ここには筑前国分寺が見えないが、大宰府政庁や筑前国衙と至近距離にあって、その膝下に建立されたこと。府大寺である観世音寺が着工以来八〇余年の歳月を経て完成したのは天平一八年(七四六)であったことなどを考えあわせると、観世音寺以前に完成した可能性はきわめて少ないと思われる。また考古学から創建古瓦についてみると、鴻臚館系Ⅱ式軒先瓦が主流であり、観世音寺の創建瓦(老司I式軒先瓦)より明らかに後出型式である。以上を総合して、筑前国分寺の建立は、天平勝宝八年一二月以前に完成していたとみられる。
次に、見えない薩摩・大隅両国分寺については、弘仁一一年(八二〇)成立の『弘仁式』主税の項に、
肥後国(中略)国分寺料八万束[当国六万束/薩摩国二万束]
日向国(中略)国分寺料三万束[当国一万束/大隅国二万束]
とあって、それぞれ隣国の肥後国と日向国から国分寺料の支出援助をうけている。薩摩・大隅両国には自国で十分にまかなえない事情があったからである。さらに下って延長五年(九二七)成立の『延喜式』主税の項には両国とも自国で国分寺料二万束が支出できるようになっている。この両国に班田収授制が実施されるようになったのは延暦一九年(八〇〇)であった(『類聚国史』延暦一九・一二・九)。その二〇年後にあたる『弘仁式』成立時点でもまだ国分寺料稻を自国で支出できるほどの実があがっていなかったのであろう。
以上の論旨を整理すると、西海道国分寺の成立は次のように三段階あったことが知られる。
薩摩国分寺については寺跡と生産瓦窯跡の発掘調査が、また大隅国分寺についても生産瓦窯跡の発掘調査が行われていて、ともに九世紀にまで下らない頃に成立したことがうかがわれる。

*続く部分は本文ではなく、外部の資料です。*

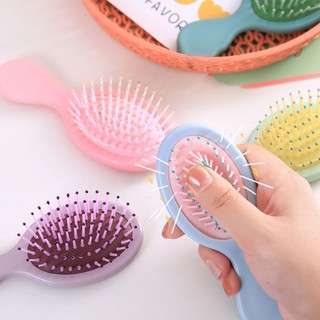 Lược Chải Tóc Gỡ Rối, có đệm khí Massage Mini cầm tay tiện lợi cho Bé, cho Nữ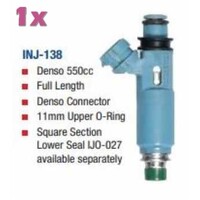 Denso 550cc Full Length Denso Connector FUEL INJECTOR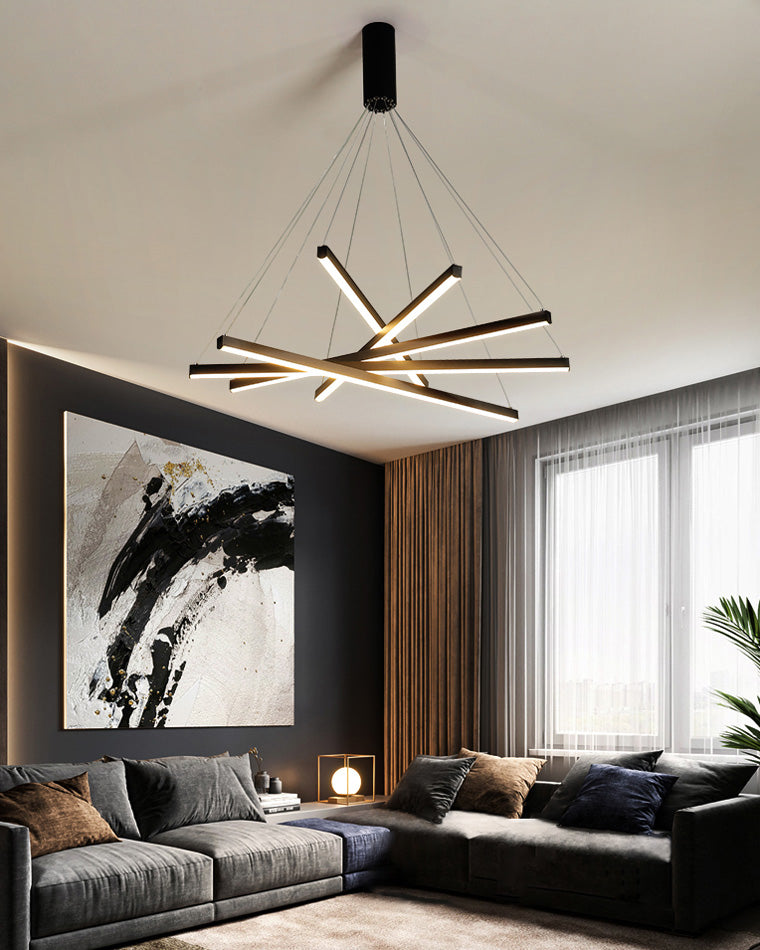 Lustre LED - Fusion Linéaire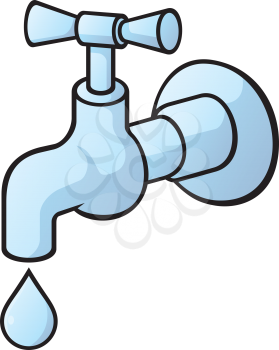 Royalty Free Clipart Image of a Dripping Tap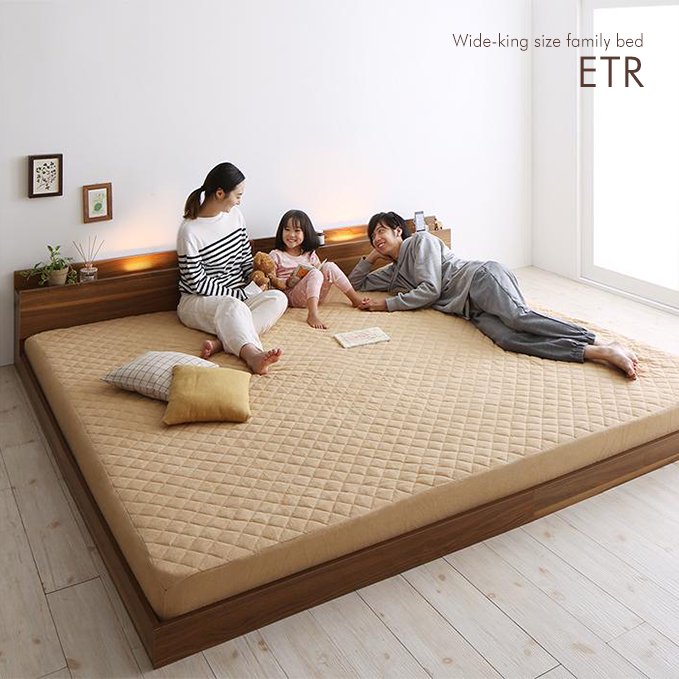 シングルベッド2つ(単品可) キングサイズ 日本製 - シングルベッド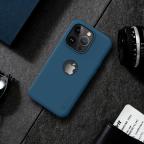 Maska Torbica Nillkin Scrub Pro za iPhone 15 Pro Max 6.7 (sa otvorom za logo) plava slika 12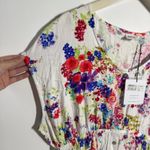 Somedays Lovin  Dress M Cream Floral NWT Button Down Front Slit Maxi Boho Concert Photo 3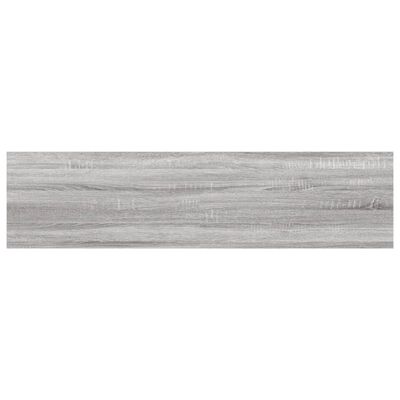 vidaXL Wandschappen 4 st 40x10x1,5 cm bewerkt hout grijs sonoma eiken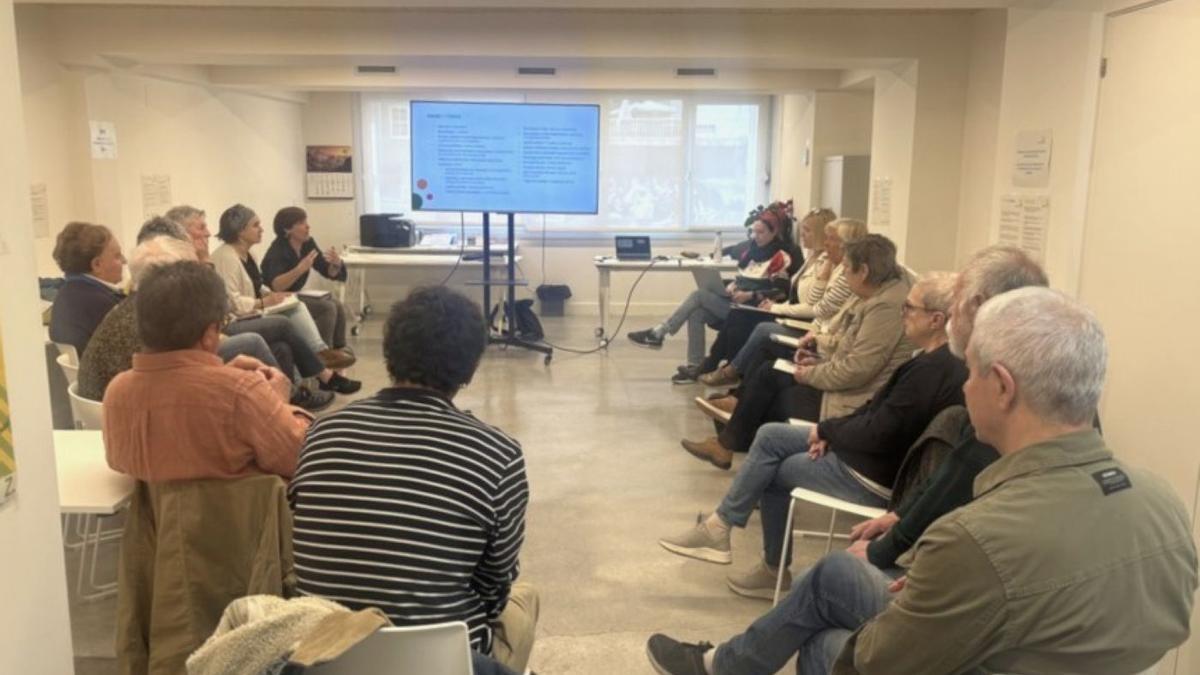 Participantes en el encuentro del Consejo de Mayores de Soraluze celebrado hace unos días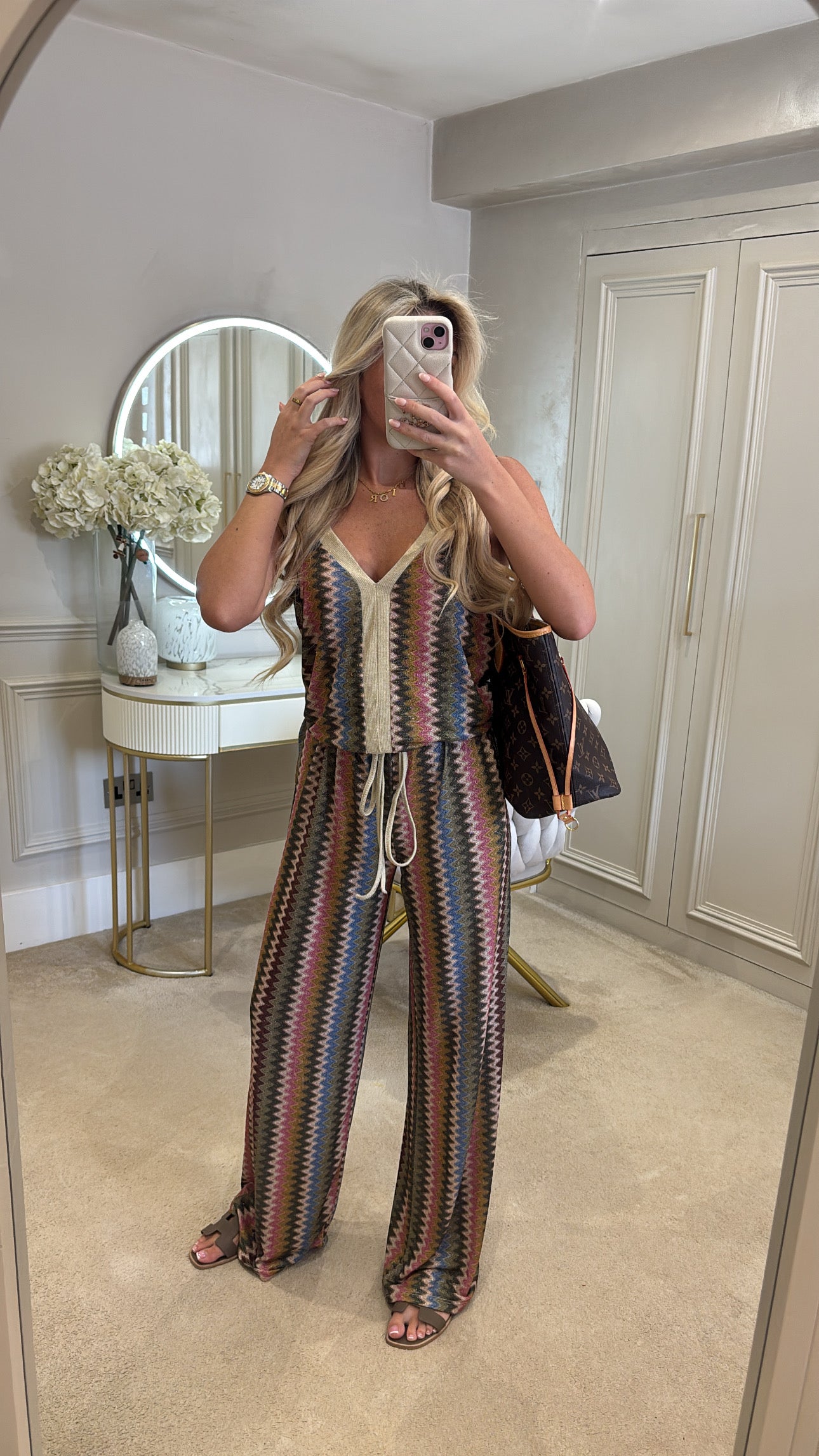 Glitter zig zag lounge set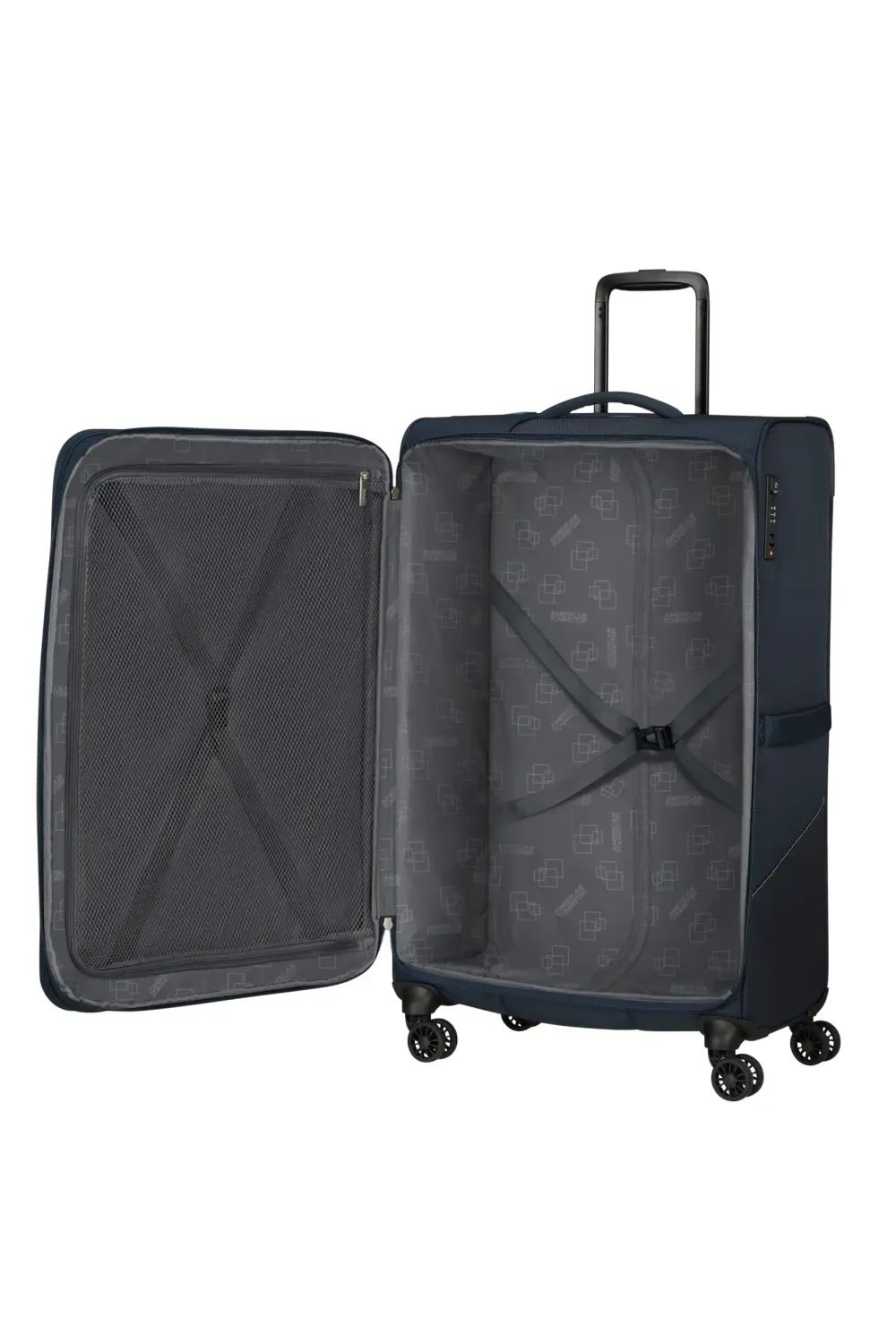 AMERICAN TOURISTER SUMMERRIDE SPINNER L EXP TSA, NAVY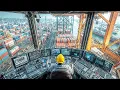 Life Inside the World s Tallest Tower Crane Operator Lifting Millions of Containers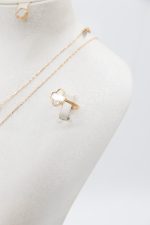 سرویس ونکلیف سنگ سفید تک گل - Image 2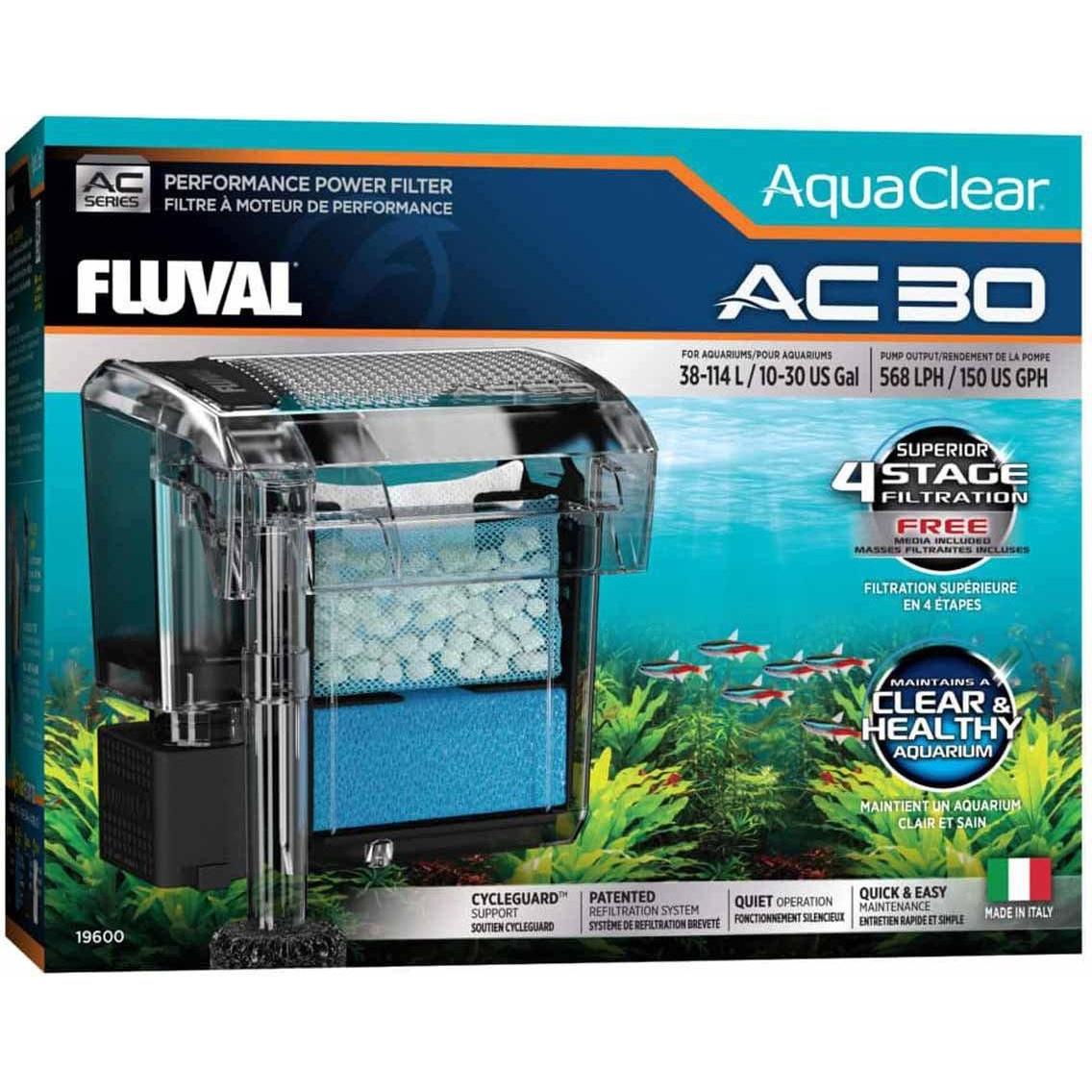 AquaClear Fluval AC30 (114 l, Filtri interni, Acqua dolce), Filtro per acquario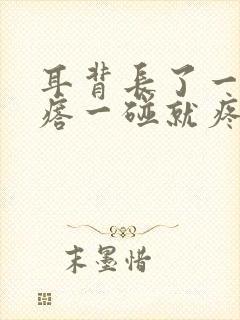 耳背长了一个疙瘩一碰就疼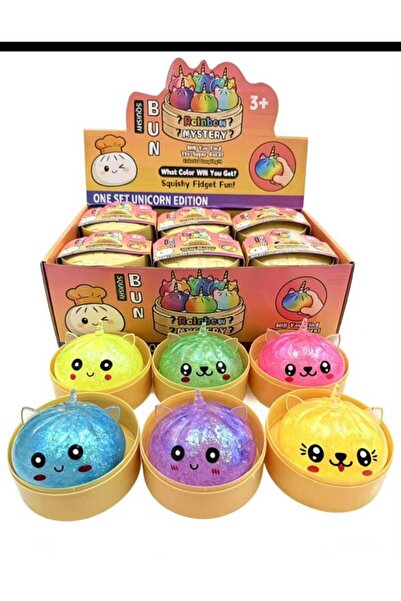 Generic Brand Glittery Shining Giant Rare Unicorn Design Dumpling Squeeze Fid...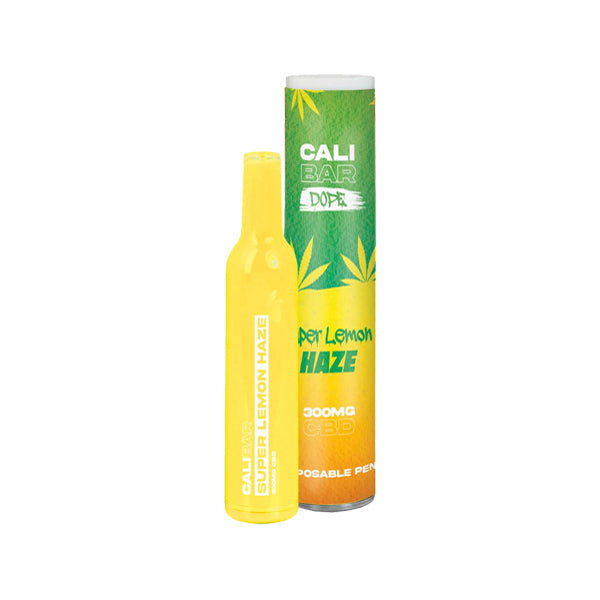 CALI BAR DOPE 300mg Full Spectrum CBD Disposable Vape - Terpene Flavoured - Shop Now At The CBD Hut 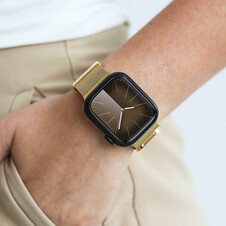 Sie sehen das Produktbild 04 von Vonmählen Milanese-Armband 2 für Apple Watch 42/44/45/49 mm, gold Vonmählen Milanese-Armband 2 für Apple Watch 42/44/45/49 mm, gold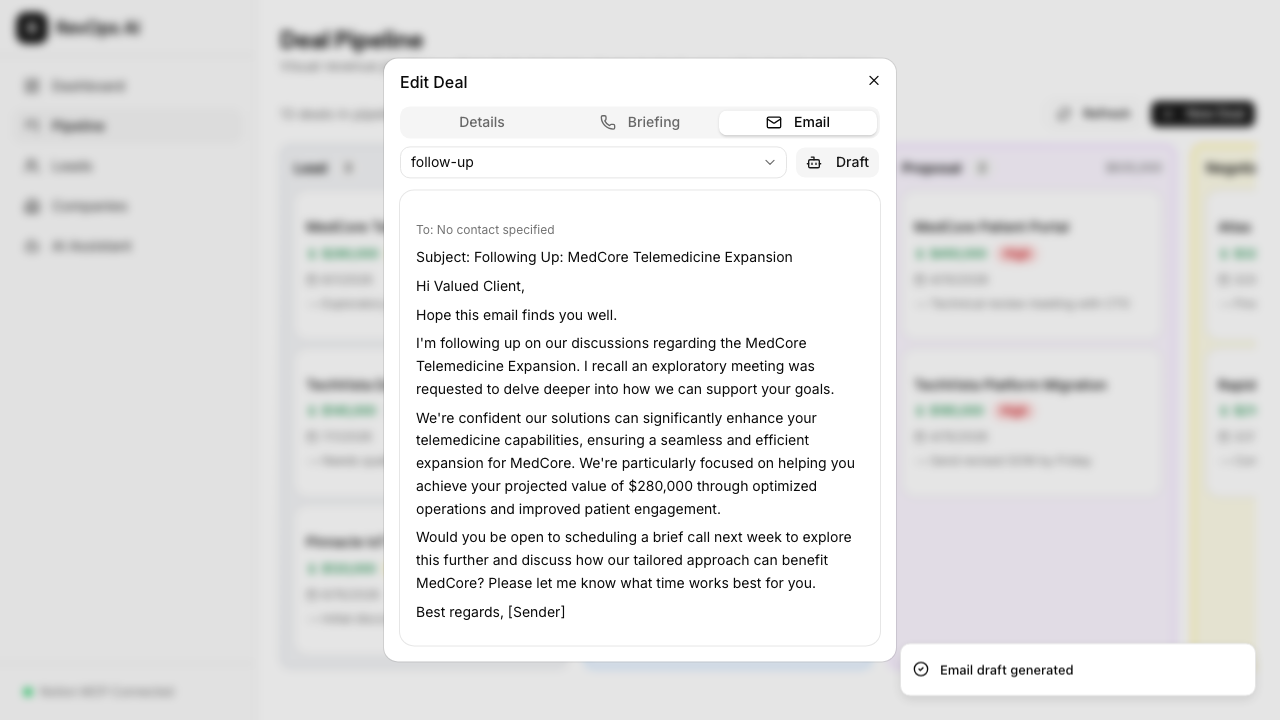 Email Draft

西海道は九国二嶋から成り、対馬・壱岐にはそれぞれ嶋分寺が在る。そのうち遺跡の知られている壱岐については、『延喜式』玄蕃の項に「壱岐嶋直(あたい)の氏寺を嶋分寺となし、僧五口を置く」とあり、以前に建立されていた壱岐嶋直の氏寺を充てたものであった。近年の発掘調査によって八世紀前半の平城京跡所用瓦を使用していることが知られた。早くから中央に出仕していた壱岐嶋直氏の歴史的背景に負うている。